TORC has greater than 95 net light oil sections in the Cardium trend where the Company continues to identify more than 290 net undrilled locations on the Company’s asset base.  During 2018, the Cardium continued to deliver solid results in this established light oil resource play.  TORC drilled a total of 11 (10.4 net) Cardium wells which included drilling 3 (3.0 net) Cardium wells in the fourth quarter.

With a decline profile of less than 25%, the Cardium play continues to generate substantial free cash flow in the current commodity price environment supporting the sustainability and repeatability of the Company’s business objectives.

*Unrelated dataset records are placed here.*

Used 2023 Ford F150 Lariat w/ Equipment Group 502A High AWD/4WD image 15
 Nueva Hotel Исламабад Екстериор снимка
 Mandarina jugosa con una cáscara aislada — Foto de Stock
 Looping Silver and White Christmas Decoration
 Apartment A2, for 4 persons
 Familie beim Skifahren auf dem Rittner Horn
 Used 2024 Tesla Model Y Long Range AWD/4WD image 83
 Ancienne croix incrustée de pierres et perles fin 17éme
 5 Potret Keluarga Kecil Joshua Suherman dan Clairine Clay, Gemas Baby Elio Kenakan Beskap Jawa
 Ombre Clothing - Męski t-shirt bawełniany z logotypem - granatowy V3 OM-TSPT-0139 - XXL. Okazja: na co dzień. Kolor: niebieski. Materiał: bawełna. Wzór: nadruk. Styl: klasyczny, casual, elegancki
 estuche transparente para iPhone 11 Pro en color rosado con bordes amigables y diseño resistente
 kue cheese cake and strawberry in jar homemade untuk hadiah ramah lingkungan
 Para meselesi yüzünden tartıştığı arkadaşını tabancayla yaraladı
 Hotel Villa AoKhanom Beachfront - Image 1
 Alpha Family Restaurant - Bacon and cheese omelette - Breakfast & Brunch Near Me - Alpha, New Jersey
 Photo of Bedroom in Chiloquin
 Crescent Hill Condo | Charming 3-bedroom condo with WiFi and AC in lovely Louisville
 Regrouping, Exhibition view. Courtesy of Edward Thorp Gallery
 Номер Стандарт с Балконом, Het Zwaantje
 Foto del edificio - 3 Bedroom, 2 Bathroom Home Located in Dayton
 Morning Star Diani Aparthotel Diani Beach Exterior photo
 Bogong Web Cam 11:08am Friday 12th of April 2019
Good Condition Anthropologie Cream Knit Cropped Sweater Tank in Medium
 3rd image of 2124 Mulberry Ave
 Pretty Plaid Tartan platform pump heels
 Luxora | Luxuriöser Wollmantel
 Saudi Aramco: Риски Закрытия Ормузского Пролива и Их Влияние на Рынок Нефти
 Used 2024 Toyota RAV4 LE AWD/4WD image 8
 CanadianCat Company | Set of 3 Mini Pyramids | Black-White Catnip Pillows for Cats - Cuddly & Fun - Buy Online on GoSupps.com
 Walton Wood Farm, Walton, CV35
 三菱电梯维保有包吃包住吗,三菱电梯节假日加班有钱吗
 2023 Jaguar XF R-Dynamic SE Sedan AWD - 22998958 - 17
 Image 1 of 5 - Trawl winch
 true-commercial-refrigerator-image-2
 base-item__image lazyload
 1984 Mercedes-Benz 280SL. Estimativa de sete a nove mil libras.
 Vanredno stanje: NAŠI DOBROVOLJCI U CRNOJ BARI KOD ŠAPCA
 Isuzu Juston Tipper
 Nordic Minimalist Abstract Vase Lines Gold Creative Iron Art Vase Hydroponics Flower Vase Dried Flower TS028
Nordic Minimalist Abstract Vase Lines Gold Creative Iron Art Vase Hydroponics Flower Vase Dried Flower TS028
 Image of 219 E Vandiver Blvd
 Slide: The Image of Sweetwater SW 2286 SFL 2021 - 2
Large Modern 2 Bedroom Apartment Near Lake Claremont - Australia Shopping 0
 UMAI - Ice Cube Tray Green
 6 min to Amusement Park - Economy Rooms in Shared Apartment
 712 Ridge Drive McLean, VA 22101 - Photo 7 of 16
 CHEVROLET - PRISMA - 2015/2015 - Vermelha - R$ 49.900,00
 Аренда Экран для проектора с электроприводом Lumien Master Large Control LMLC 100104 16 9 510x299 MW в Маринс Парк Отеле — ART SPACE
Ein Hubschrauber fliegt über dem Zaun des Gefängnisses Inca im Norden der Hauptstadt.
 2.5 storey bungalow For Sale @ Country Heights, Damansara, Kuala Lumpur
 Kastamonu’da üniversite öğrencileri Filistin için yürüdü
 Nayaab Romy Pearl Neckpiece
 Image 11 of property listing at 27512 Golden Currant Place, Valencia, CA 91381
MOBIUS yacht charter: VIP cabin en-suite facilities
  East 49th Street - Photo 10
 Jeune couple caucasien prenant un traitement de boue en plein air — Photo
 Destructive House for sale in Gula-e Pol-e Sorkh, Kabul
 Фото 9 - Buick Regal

In 2019, TORC plans to drill 9 gross (8.2 net) wells across the Company’s land position in the Cardium.

CAPITAL PROGRAM AND PRODUCTION GUIDANCE

TORC’s $180 million capital expenditure budget for 2019 is consistent with the Company’s long term strategic objectives of delivering disciplined per share growth in combination with maintaining financial flexibility while providing a sustainable dividend. TORC’s 2019 capital budget exhibits a measured approach to both the domestic and global volatility in the crude oil price environment and reflects a balance between managing long term objectives, protecting the Company’s strong financial position and sustaining the dividend.

TORC’s capital program in 2019 is focused on light oil development projects, with the majority of the capital directed to drilling, completions and tie-ins (approximately 75%), with the remainder allocated to operational and facility optimization to maximize production efficiency.  The capital program is concentrated on the Company’s primary core areas in southeast Saskatchewan, focused on both conventional and unconventional opportunities, along with the Cardium play in central Alberta.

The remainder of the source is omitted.